Rough diamond production in 2016 (split by country)
Data analysis shows that the value of the diamonds mined in the world decreased by 10.67% in spite of the 5.24 per cent growth in the diamond production and due to the rough diamond price drop by 15.12%. The average price of rough diamonds was $92.49 per carat.
The most expensive diamonds are produced in Lesotho – $1,065.88/ct, and Namibia, Liberia, Sierra Leone and Tanzania, which is explained by alluvial diamond mining and primitive mining technology (except for Namibia), when mainly large stones are recovered only.
Among the countries mining the diamonds from solid rocks, the price for rough diamonds is much higher than the world average one in the South Africa being $150.26/ct, as well as in Canada, Botswana (De Beers operations mine there) and Angola. The value of diamonds produced in Russia is a little lower due to different technologies used in the diamond beneficiation. At the beneficiation plants in Russia, autogenous grinding mills – recovering 5 mm – 0.5 mm size diamonds – are used in the diamond-bearing ore preparation processes, while stage breaking is used abroad recovering over 1 mm-size diamonds. The foreign technology causes less damage and allows preserving more crystals, especially, large ones (over 20 mm). Nevertheless, in 2016, Russia strengthened its leadership in the world diamond production and now its global share is 30.08% by volume and 28.86% by value.
In African countries, where the value of mined diamonds is lower ($50 per carat and less), the crimes and corruption flourish and rough diamonds are bought by all kinds of resellers at the low price who sell it at the much higher price at the diamond exchanges. Australia is an exception with its impact-type mines where small-size diamonds prevail.
In 2016, the pool of BRANCS countries (Botswana, Russia, Angola, Namibia, Canada, South Africa – the term is introduced by the author) that produce rough diamonds worth about $11 bln and carry out beneficiation – mining plus cutting – plays a leading role in the global diamond mining and produces over 70% by volume and about 90% by value, which proves the higher level of technology and the rough diamond trade organization.

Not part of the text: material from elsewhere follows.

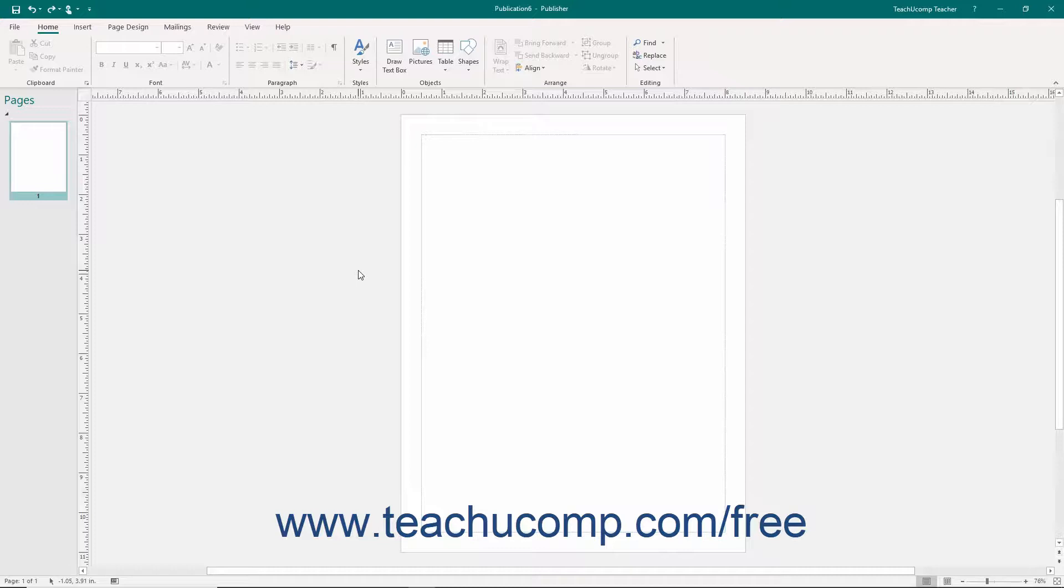Publisher allows you to search online for a picture using Bing Image Search or choose a picture from your OneDrive account.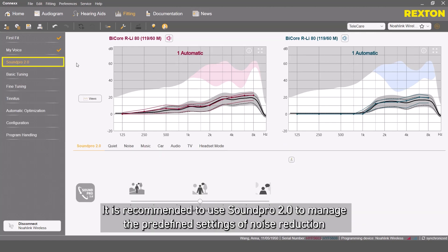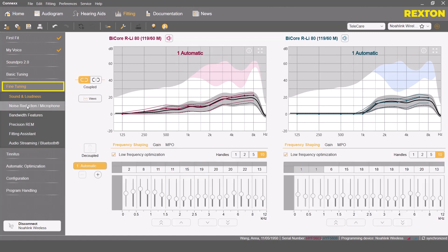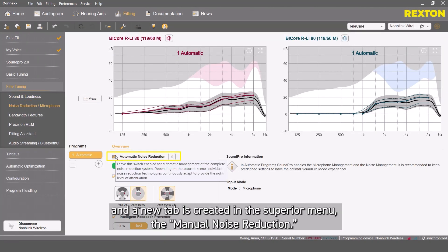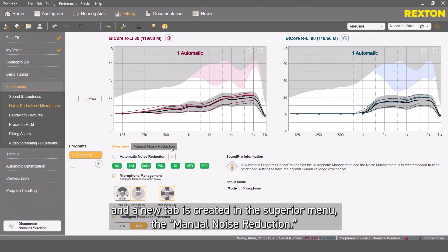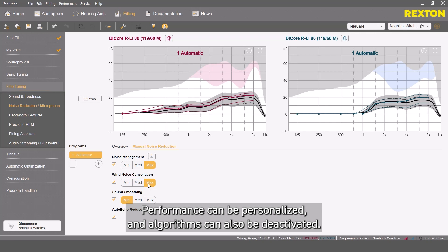It is recommended to use SoundPro 2.0 to manage the predefined settings of noise reduction and microphone settings within the automatic program. The default settings can be changed by clicking here, and a new tab is created in the superior menu — the manual noise reduction. All available noise reduction algorithms will sit here. Performance can be personalized and algorithms can also be deactivated.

Rough diamond production by BRANCS in 2014-2016
Besides the BRANCS countries, the top diamond mining countries by volume include DR Congo, Australia, Zimbabwe, Sierra Leone and Lesotho. Taking them into account, 11 countries produce over 99% of rough diamonds by volume and 98% by value.
As the world rough diamond market today is sustainable and the demand for rough stones is rather high, it does not seem that any cardinal change will be in the situation in 2017 in the diamond producing countries and world diamond centres, and Russia will keep its leading position in the world in spite of the ‘Mir’ mine disaster.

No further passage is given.